Interviewé par David Amsellem, Hamit Bozarslan (directeur d’études à l’EHESS) fait tout d’abord une mise au point sur la politique actuelle. La société est polarisée et semble en crise. La principale cause mise en avant est celle de l’évolution du discours du parti au pouvoir, l’AKP. En effet, à la suite d’un processus de déradicalisation dans les années 1990 et à la crise économique de 2001, l’AKP (Parti de la justice et du développement) parvient à rallier les voies des classes moyennes sunnites, les populations défavorisées et une partie de la bourgeoisie. Sur fond de nostalgie impériale, une étape est franchie avec la nomination d’Ahmet Davutoglu au ministère des Affaires étrangères en 2009. Associé au « culte de puissance » de Recep Tayyip Erdogan, les oppositions sont graduellement marginalisées puisqu’elles remettent en cause le soutien à la patrie. L’entretien se conclut sur les Kurdes, la reconnaissance tronquée du génocide arménien et la place de la Turquie dans les relations internationales. Hamit Bozarslan qualifie la forme du régime actuel d’autoritaire, puisque « le président Erdogan ne se considère plus tenu par la Constitution ou les institutions » (p. 3).

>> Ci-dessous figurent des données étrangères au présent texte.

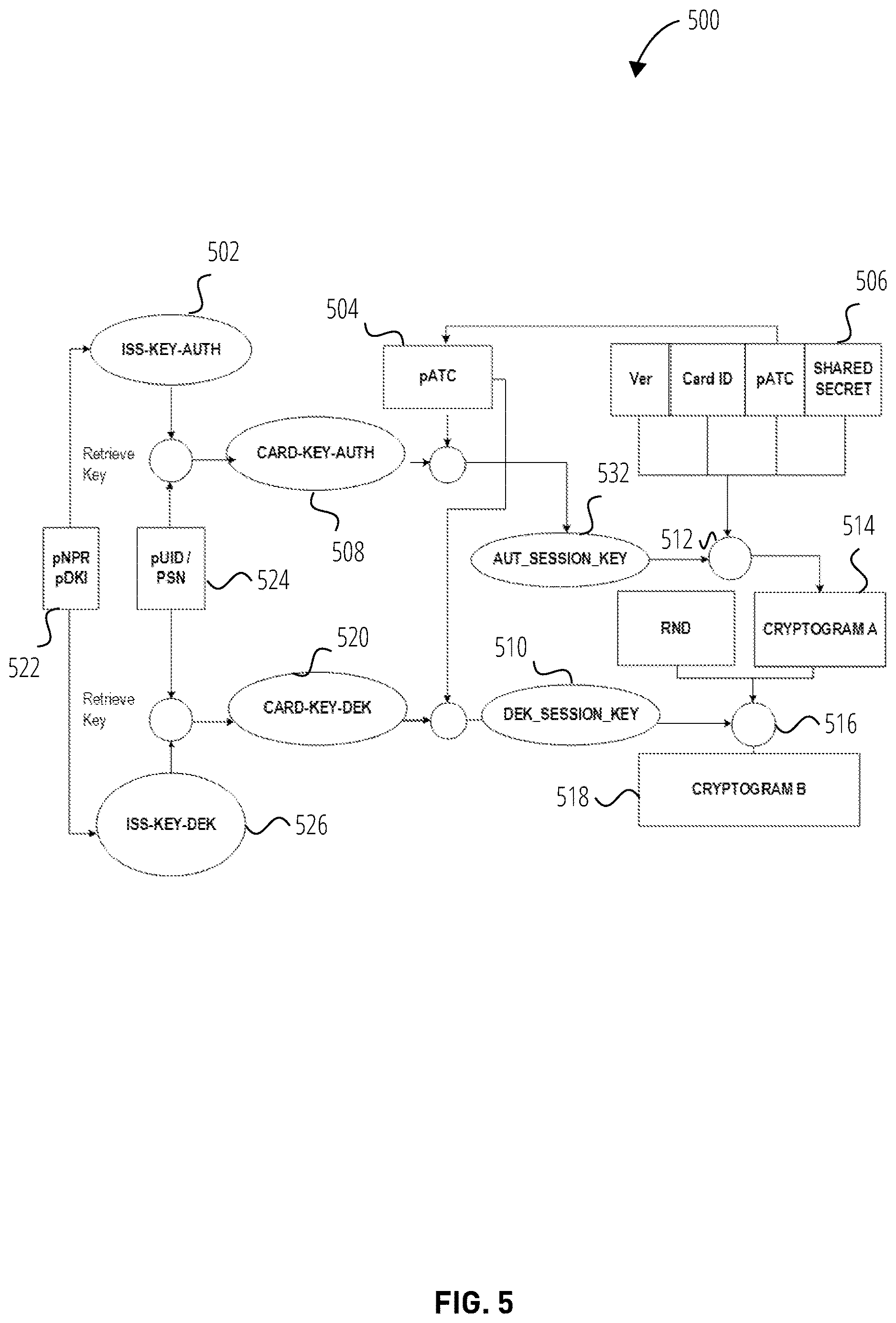 Patent US12614053 Figure 5 – Methods, mediums, and systems for applying a display to a transaction card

De l’Empire à la République
Un article lumineux de François Georgeon aborde en quelques paragraphes la construction progressive de l’État depuis le Nord de la Mongolie au VIIIème siècle jusqu’à la fixation des frontières actuelles (1923-1938). Convertis à l’islam à la fin du XIème siècle, les Turcs étendent leur domination par la guerre et les mariages. C’est le fondateur, Osman Ier (1258-1326) qui donne son nom à l’émirat turc à l’origine de l’Empire Ottoman. A la fin du XVIème siècle, l’Empire s’étend de « la Hongrie jusqu’au Yémen et du Caucase jusqu’au Maroc » (p. 5). L’un des paragraphes éclaire de manière particulièrement didactique le lien entre la Première Guerre mondiale et la genèse du génocide arménien. « Sentant la fin de l’empire, les Jeunes Turcs envisagent la construction d’un État-nation sans les populations non turques, en particulier les Arméniens dont le nationalisme se heurte à leur projet d’État en Anatolie ». 60% de la population arménienne d’Anatolie est exterminée.
La langue turque : une lange d’unité ou de domination ?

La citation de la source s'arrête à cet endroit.